In any market there are peaks and troughs and the housing market is no different. It's the old story of supply and demand. Small town America is not immune to global economics and when the largest employer in town closes the wood yard or factory because they have been priced out of the market by their foreign competitors then their employees won't be able to pay their mortgages. And who wants then to buy the house that has been repossessed? Nobody in that town for sure because everybody is now in the same boat. No job and no means to pay for a mortgage that was wholly reliant on them being in full time employment because they couldn't get the extra insurance payments that might have covered them against redundancy.
The knock on effect is that the sub-prime market then went into free fall. The major players wanted out. The value of the market was severely depressed and instead of big profits the banks were looking at huge losses. And all because the was no one saying hold on here, what if the world goes into a recession - what if there is a collapse of the housing market - what is the worst case scenario of putting so much money into a new market that doesn't have a track record of weathering even a minor financial storm. In other words there was no old bugger sitting at the board table saying let's evaluate the risk to the business in the light of 100 years of data around boom and bust in the housing markets.

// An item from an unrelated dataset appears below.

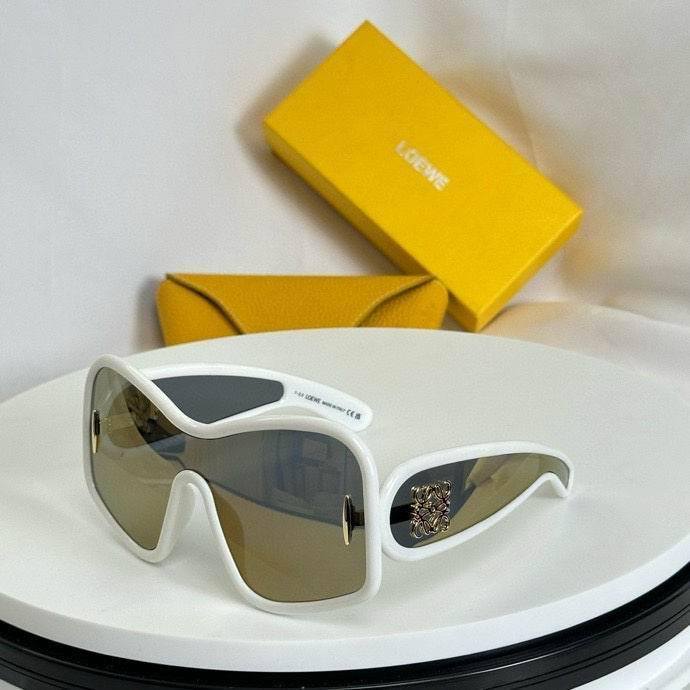 L*OEWE Glasses Top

I'm not saying that the current financial situation is all the fault of a lack of experience in our banks but as an ex foreign exchange dealer I can say that all the dealers I knew, whether they dealt on the money markets, commodity markets or the Stock Exchange, all had one thing in common - they were gamblers - pure and simple. Most of the time, especially in Bull Markets, they could make massive profits for their companies and huge bonuses for themselves. But, and here's the rub, in a Bear market they took a hit and depending on how experienced they were and who was monitoring their dealing book, they either weathered the storm or in the worst cases, went under.
The sub-prime market was massive with billions of dollars being traded - big profits then for the lucky ones but equally big losses for the unwary,unlucky or let's face it inexperienced.
So what's the answer? In the short term I don't think that there is an easy answer. Until employers realise that age brings more to the table than just a cantankerous old git who stands in the way of progress and starts to value the experience that they have, we are stuffed.
That is unless they bite the bullet and start re-employing some of the senior managers again. Let's be innovative here, let's say to the 52 year old give us two days a week, we will respect your work life balance and won't expect you to be at your desk for 60 hours a week, but we need your experience and your steadying hand on the tiller again. Or is that too radical for a forward thinking company in the 21st Century?